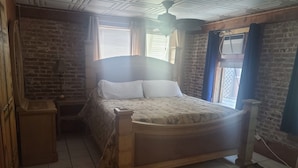Een slaapkamer met een houten bed, een nachtkastje, een bakstenen muur en een raam met jaloezieën.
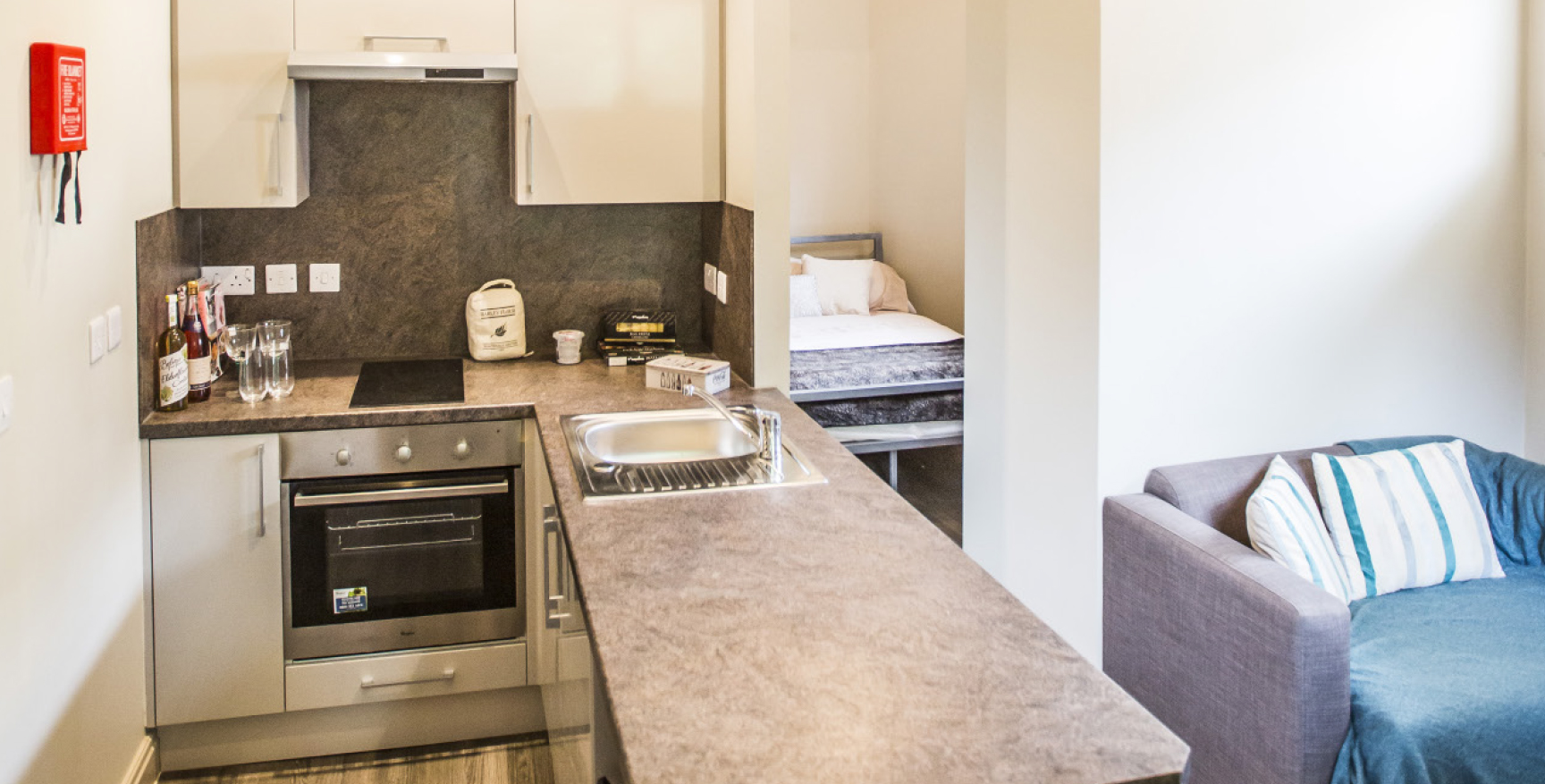 Kitchen with and grey peninsula worktop, single green chair to the right and a bedroom in the background.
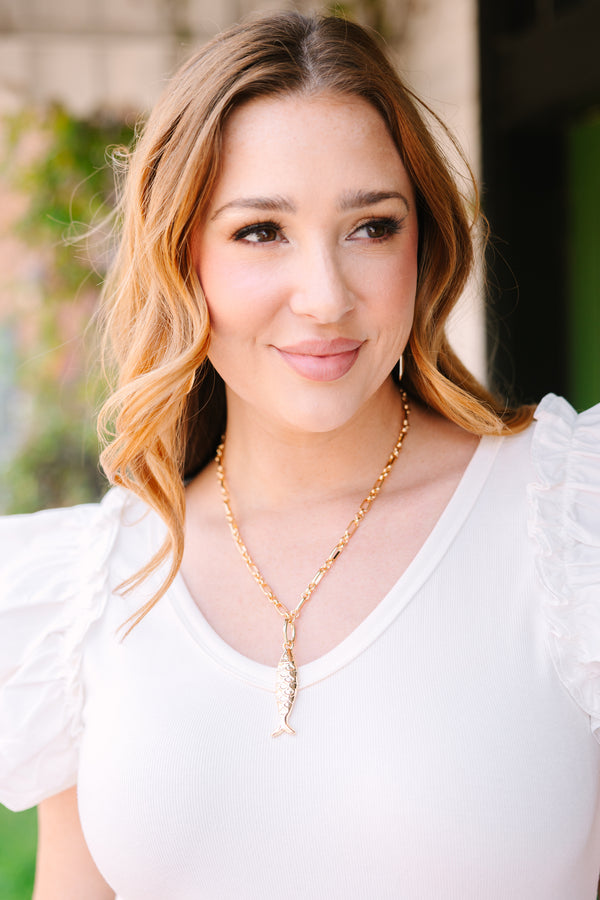 Chic Soul plus size clothing, gold chain necklace with a sold gold fish charm hanging vertically on the middle of the chain 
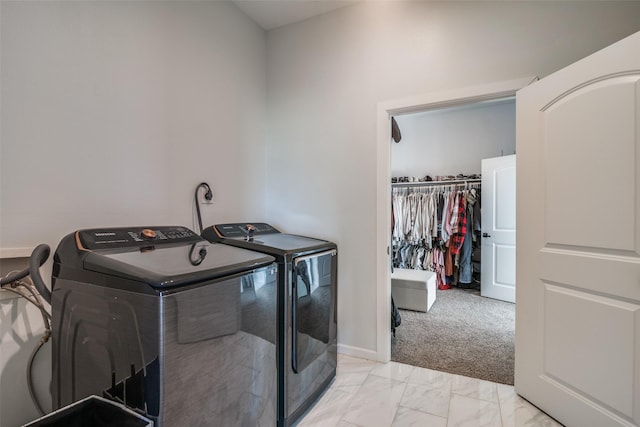 clothes washing area with marble finish floor, baseboards, and separate washer and dryer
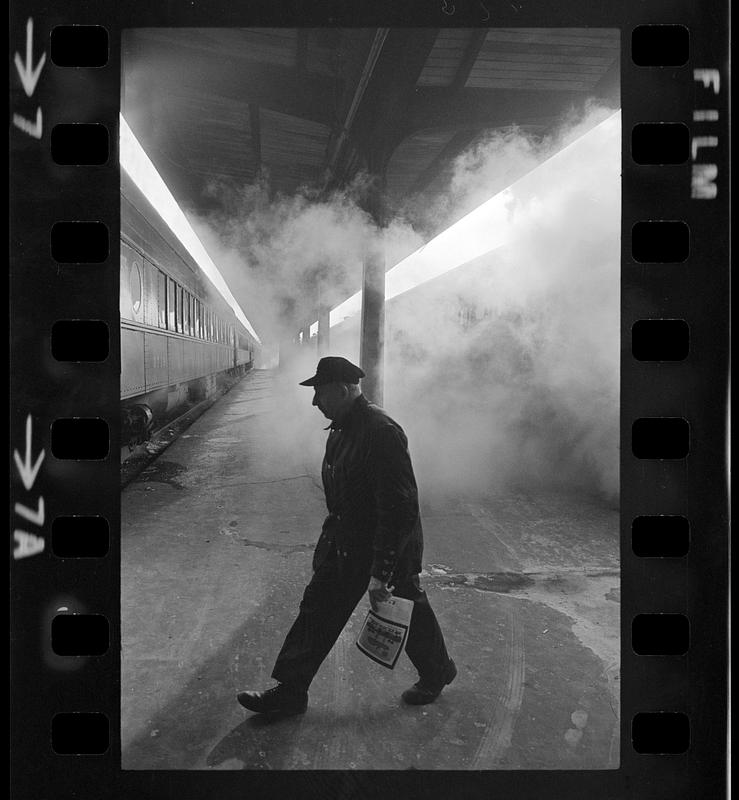 Train engineer in steam on cold winter day: South Station, Boston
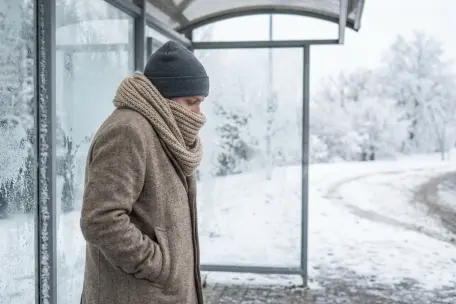 Muž čekající v zimně na autobus, schoulené držení těla.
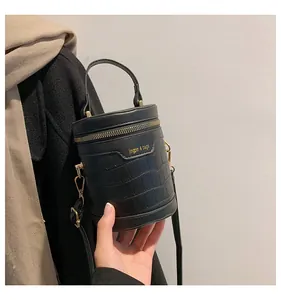 Details der schwarzen Zylindertasche mit Krokodilmuster und goldener Hardware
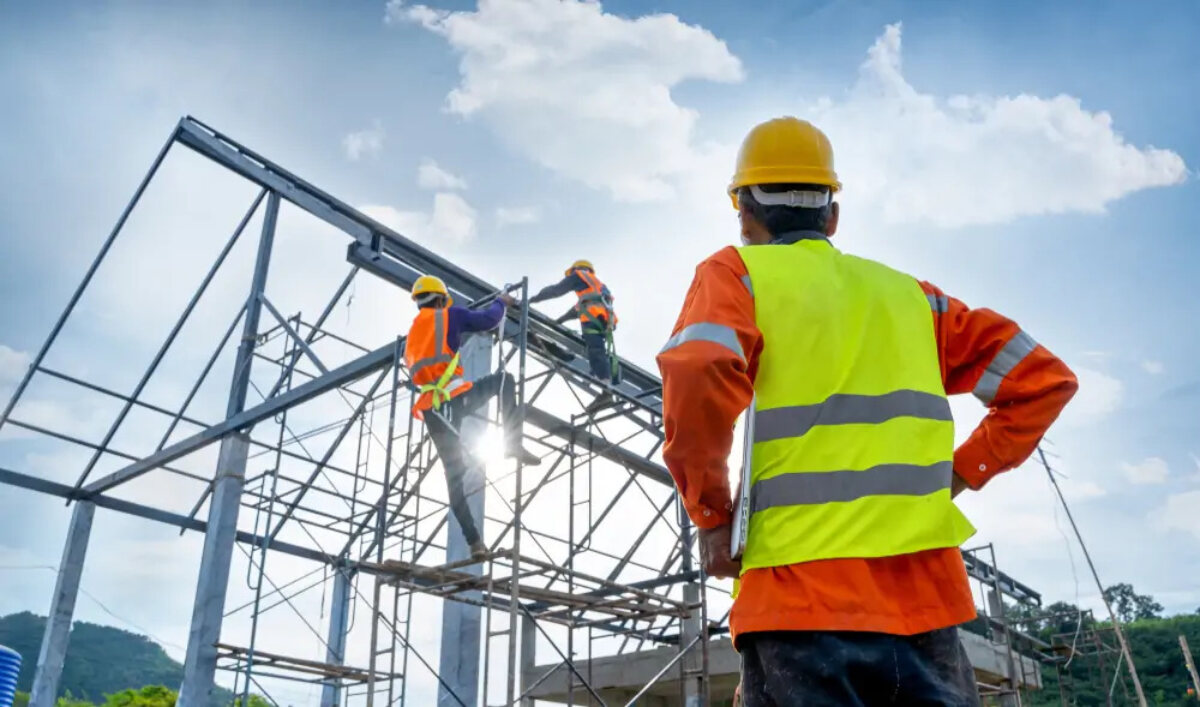 Two subcontractors working on scaffolding at construction site and one subcontractor standing watching them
--------------------
#### EXERCISE OBJECTIVE:
Restate word for word the lines that begin at the one containing "Details der schwarzen" and end with the final line of the records. Pictures stay out.

#### FINISHED EXERCISE:
 Details der schwarzen Zylindertasche mit Krokodilmuster und goldener Hardware
 Two subcontractors working on scaffolding at construction site and one subcontractor standing watching them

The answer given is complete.